Hello New Yorkers and fellow exiles! I've been revising some thoughts I put down this spring about going back to my high school job, and decided that giving it to you might make me leave it alone for once and for all. Longer than usual, but I think you'll like it (it's about you, after all. Sort of, anyway. It might mostly be about me. But I'll leave that open to debate).

Read me ramble under the cut:

I have spent my last four summers dressed in white. White polo, white shorts, white shoes, laying white court towels on green grass under white-and-green sun umbrellas. Sea Bright Lawn Tennis Club, if nothing else, has cracked color coordination. I’ve long labored to become the institution’s ideal employee, and now claim the following skills with confidence: mastery of Swiffer WetJet and Microsoft Excel 2003, intuitive talent for predicting Grand Slam champions, and Oscar-worthy ability to feign enthusiasm about members' latest trips to the Hamptons. I’ve also become attached to a number of small children, always equipped with tiny racquets and outfitted in the matching bleached tennis get-ups I’ve sold their parents. Last-minute sticker-and-crayon sessions, while we wait for mom to arrive, round out most weekday mornings. Fringe benefits include free ice tea and my as-yet-unused employee discount, not applicable to all skorts. The days are charted by a solitary analog clock, in our own personal temporal miracle, which soldiers boldly into the future—no matter how often reset—five minutes before the rest of Rumson, New Jersey.

My summer employer, like so many Extremely Old Establishments, has managed to retain its nineteenth-century charm largely through lack of central air conditioning. The sticky Monday-through-Friday eight-to-sixes are punctuated by a twelve o’clock lunch break that never comes too soon. My boss, an endlessly kind tennis pro with a thick Russian accent, sometimes watches with longing as I escape; she eats at 1:30. I take lunch on the club’s upper balcony, reading and wallowing gratefully in the occasional sea breeze. Out beyond our thirty courts is a drawbridge, always deadlocked at midday, which leads over an inlet to Ocean Avenue. Across the road, further still, are hot sand and cold water. I spend my half hour gazing out at the Atlantic, swatting bees, and sweating—outside this time—under the weight of ninety degree August humidity. Special circumstances have occasionally torn me away. Once, I stirred a Minute Maid pitcher while covering for a kitchen worker caught in beach traffic (the clubhouse manager persuaded me that no association on the National Register of Historic Places could deny its members post-match sips on the porch). Twice I overstepped my job description to make post office runs in exchange for under-the-table cash bonuses.

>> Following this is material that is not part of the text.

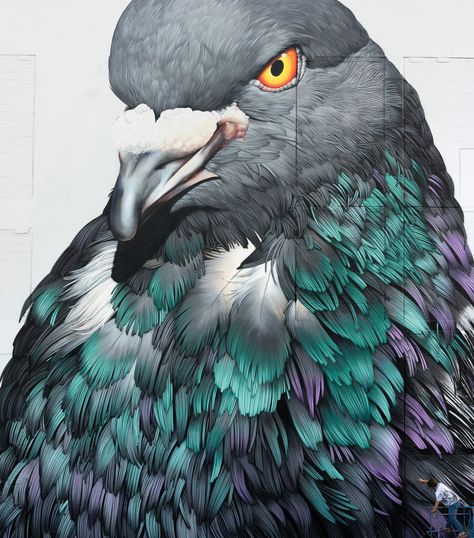 Extraordinary Pigeons Take Flight in Large-Scale Feathery Murals by Adele Renault | Colossal Cute Pigeon, Pigeon Pictures, Pigeon Bird, Berlin Art, Words On Canvas, Colossal Art, Impressionism Painting, Bird Illustration, Art Festival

In general, though, I grab those thirty minutes and don’t let go. That my job is far from cerebral makes it no less tiring; in fact, its special brand of menial banality can be exceptionally frustrating. It may be that the club has always had a singular way of magnifying my mental state: the small sadnesses of a morning—socks unmatched, Check Engine lights on, texts unanswered—amount to so many heartbreaks when my boss decides it’s time for manual inventory. What was a rough start becomes nothing less than a thoroughly ruined day. But she assigns site maintenance, cloistered in the only office with a thermostat, and my birthday comes early. Good days, bad days, then summer’s through. But never, between balancing spreadsheets and trashing flat tennis balls, do I feel the familiar adrenaline rush of watching the 2 pull up at 96th from the windows of the 1 train. I don’t spend an hour watching art students sketch the ceiling at St. John the Divine, or close my eyes in the evening and inhale as rain hits hot pavement downtown. I don’t hang around on campus, sitting on the grass in little groups of diverse college kids, poised for the cover shot of next year’s student handbook. New York, New York: it’s hard to remember the things I hate about you when I’m sitting staring at a broken clock however many miles away. And the worst part—maybe the only part, the reason I wax wistful at all—is that this year I’m not coming back.